Until then, Israel prefers to keep its deterrent in effect.

Of course, the country’s government hasn’t even acknowledged it possesses nuclear weapons, although that is a common assumption. The most that people in the know will say is that Israel has had a nuclear program since the mid 1950s and that it has the capacity to build and deliver nuclear warheads, but it is not at all certain that it has crossed that threshold.

To that point, Dr. Levite said, Israel has practised “the utmost restraint.”

Israel has signed, although not ratified, the Comprehensive Test Ban Treaty, and says it will not be the first to “introduce” nuclear weapons into the Middle East. It has not signed the Nuclear Non-Proliferation Treaty – so it doesn’t have to tell whether it has nuclear weapons – but says it will adhere to the NPT principles. (India, Pakistan and North Korea also are non-signatories, although they have openly tested and developed nuclear weapons.) This attitude has resulted in Israel not brandishing its nuclear capacity in confrontations with its enemies. “Quite the reverse,” wrote Dr. Levite. “Precisely because it was deemed such a central pillar of Israeli security, it was considered absolutely essential to reserve it solely for the most dire of consequences.”

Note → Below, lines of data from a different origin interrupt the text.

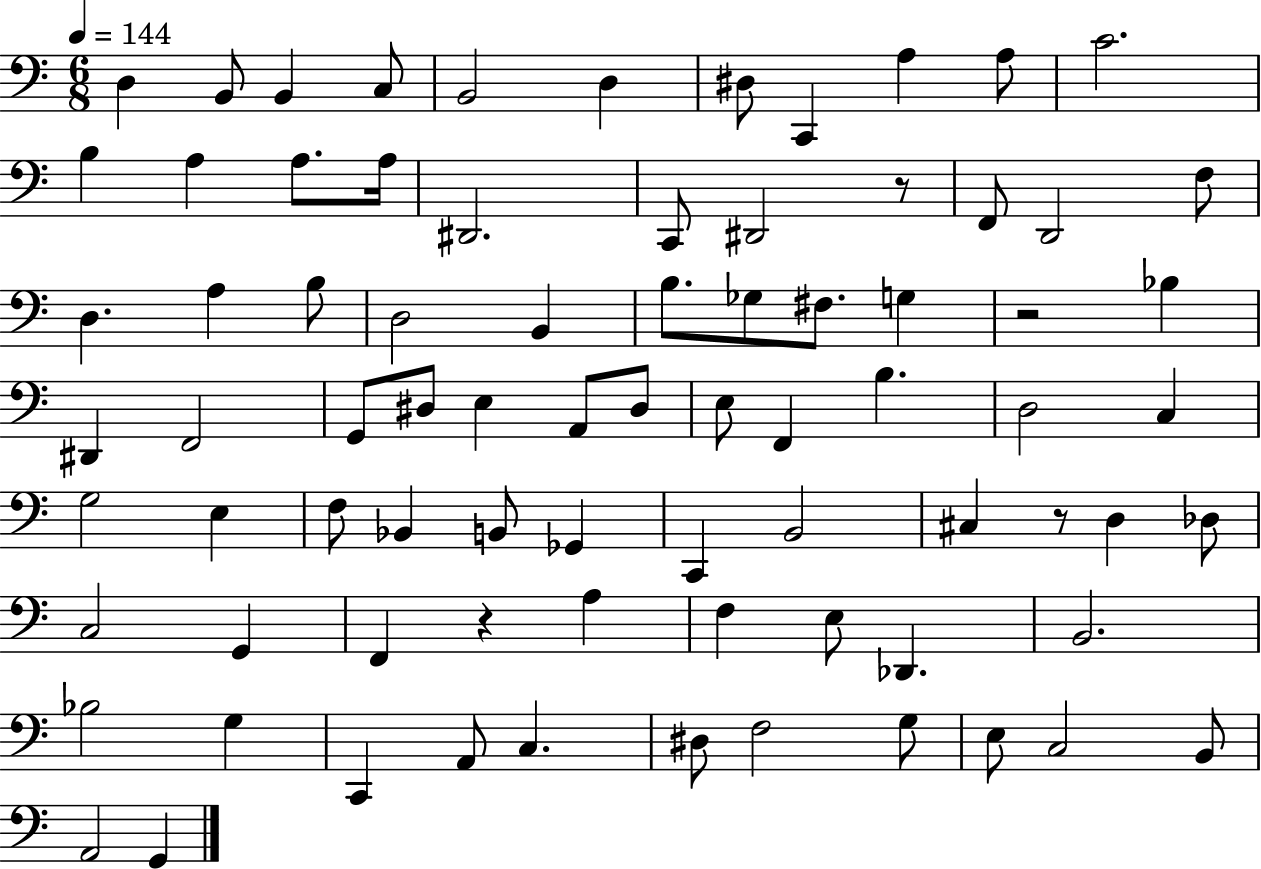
D3/q B2/e B2/q C3/e B2/h D3/q D#3/e C2/q A3/q A3/e C4/h. B3/q A3/q A3/e. A3/s D#2/h. C2/e D#2/h R/e F2/e D2/h F3/e D3/q. A3/q B3/e D3/h B2/q B3/e. Gb3/e F#3/e. G3/q R/h Bb3/q D#2/q F2/h G2/e D#3/e E3/q A2/e D#3/e E3/e F2/q B3/q. D3/h C3/q G3/h E3/q F3/e Bb2/q B2/e Gb2/q C2/q B2/h C#3/q R/e D3/q Db3/e C3/h G2/q F2/q R/q A3/q F3/q E3/e Db2/q. B2/h. Bb3/h G3/q C2/q A2/e C3/q. D#3/e F3/h G3/e E3/e C3/h B2/e A2/h G2/q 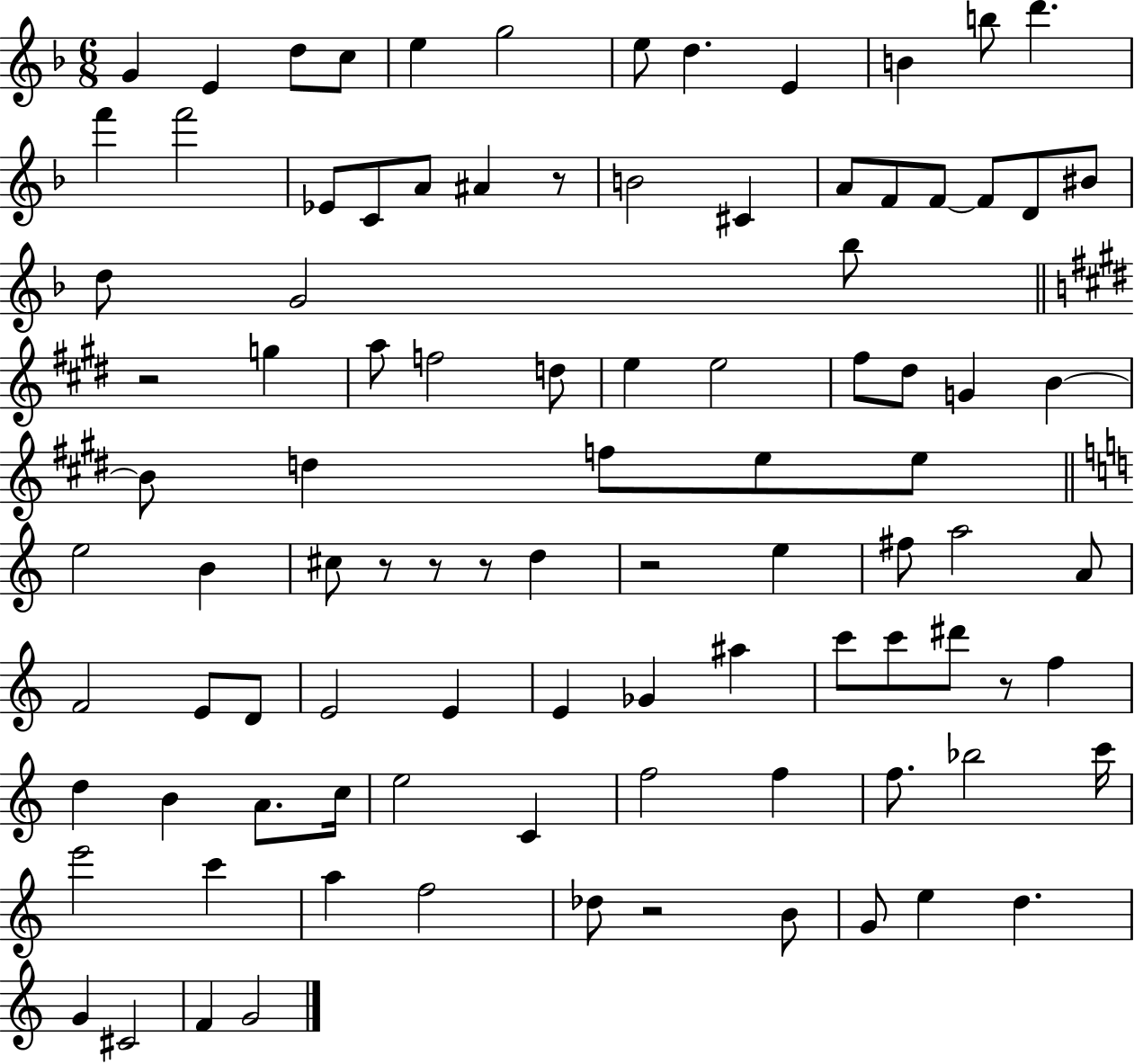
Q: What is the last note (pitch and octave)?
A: G4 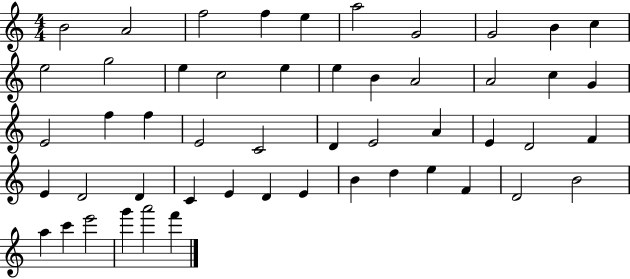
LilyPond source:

{
  \clef treble
  \numericTimeSignature
  \time 4/4
  \key c \major
  b'2 a'2 | f''2 f''4 e''4 | a''2 g'2 | g'2 b'4 c''4 | \break e''2 g''2 | e''4 c''2 e''4 | e''4 b'4 a'2 | a'2 c''4 g'4 | \break e'2 f''4 f''4 | e'2 c'2 | d'4 e'2 a'4 | e'4 d'2 f'4 | \break e'4 d'2 d'4 | c'4 e'4 d'4 e'4 | b'4 d''4 e''4 f'4 | d'2 b'2 | \break a''4 c'''4 e'''2 | g'''4 a'''2 f'''4 | \bar "|."
} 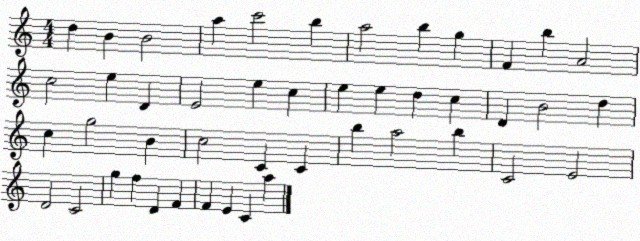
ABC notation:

X:1
T:Untitled
M:4/4
L:1/4
K:C
d B B2 a c'2 b a2 b g F b A2 c2 e D E2 e c e e d c D B2 d c g2 B c2 C C b a2 b C2 E2 D2 C2 g f D F F E C a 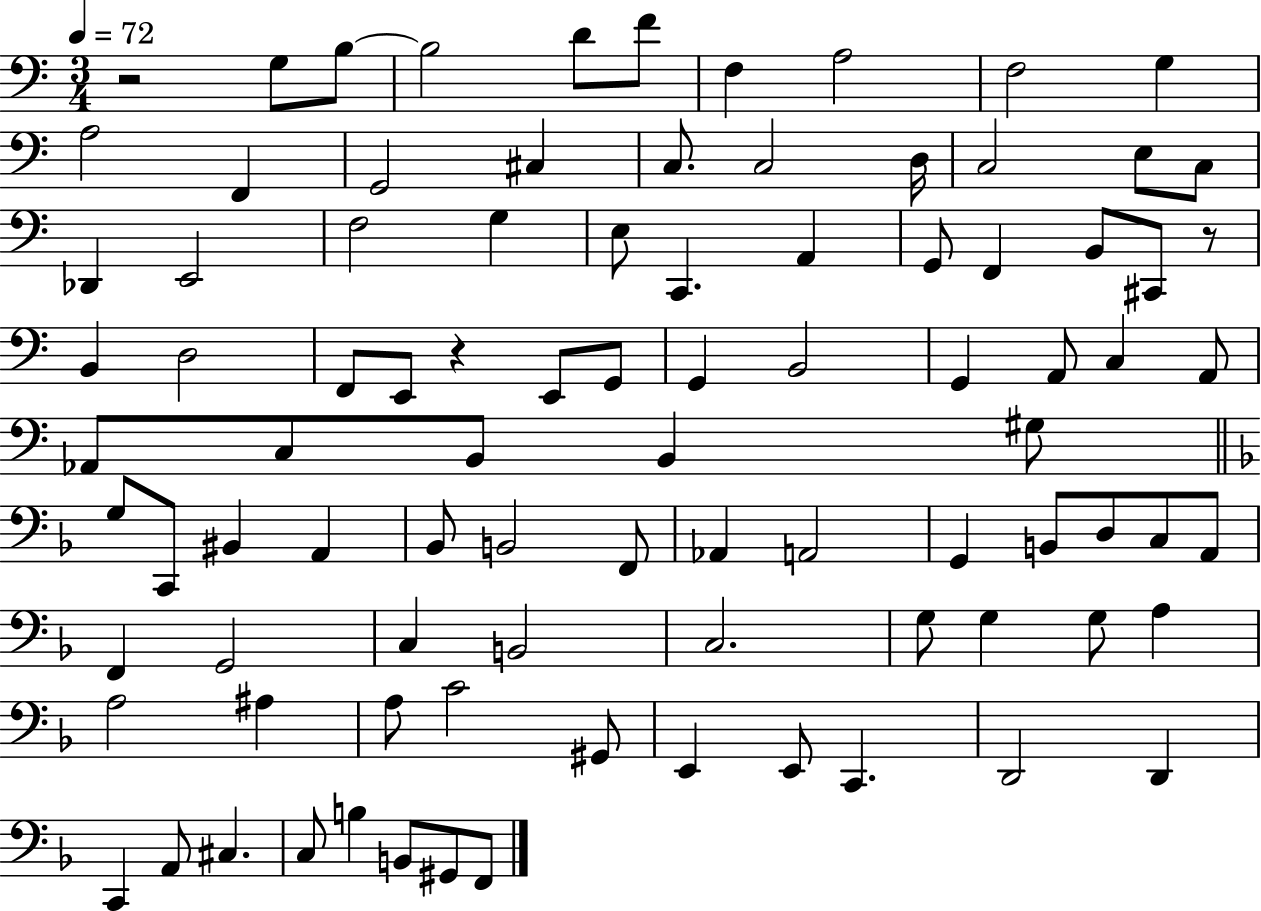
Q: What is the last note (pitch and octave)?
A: F2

Israel sees its nuclear image “as the ultimate embodiment of its indigenous capacity to defend itself, by itself, and deter aggressions of all kinds,” wrote Dr. Levite. “Israel has long been skeptical and wary that any external security guarantees would actually safeguard its core security interests, and is fearful of mistakenly relying on such guarantees.”

The idea of a nuclear-free world or even a nuclear-free zone is a lofty goal. But is it the most desirable? Would the world be more stable without nuclear weapons, or with a nuclear arsenal in one’s back pocket?

Israel believes that the fact that no nuclear weapons have been fired since 1945 tells it all. “Nuclear weapons have many profound vices,” notes Dr. Levite, “but deeply ingrained in their very nature has been the virtue to breed exceptional caution in handling or confronting them for fear of bringing about catastrophic consequences.”

It may be that sooner or later Israel will feel compelled to clarify the exact nature of its nuclear capacity – in order to make crystal clear the nature of its deterrence, for example.

But abandoning ambiguity is one thing; abandoning the bomb is quite another.

This modern-day Samson is not likely to let his locks be shorn.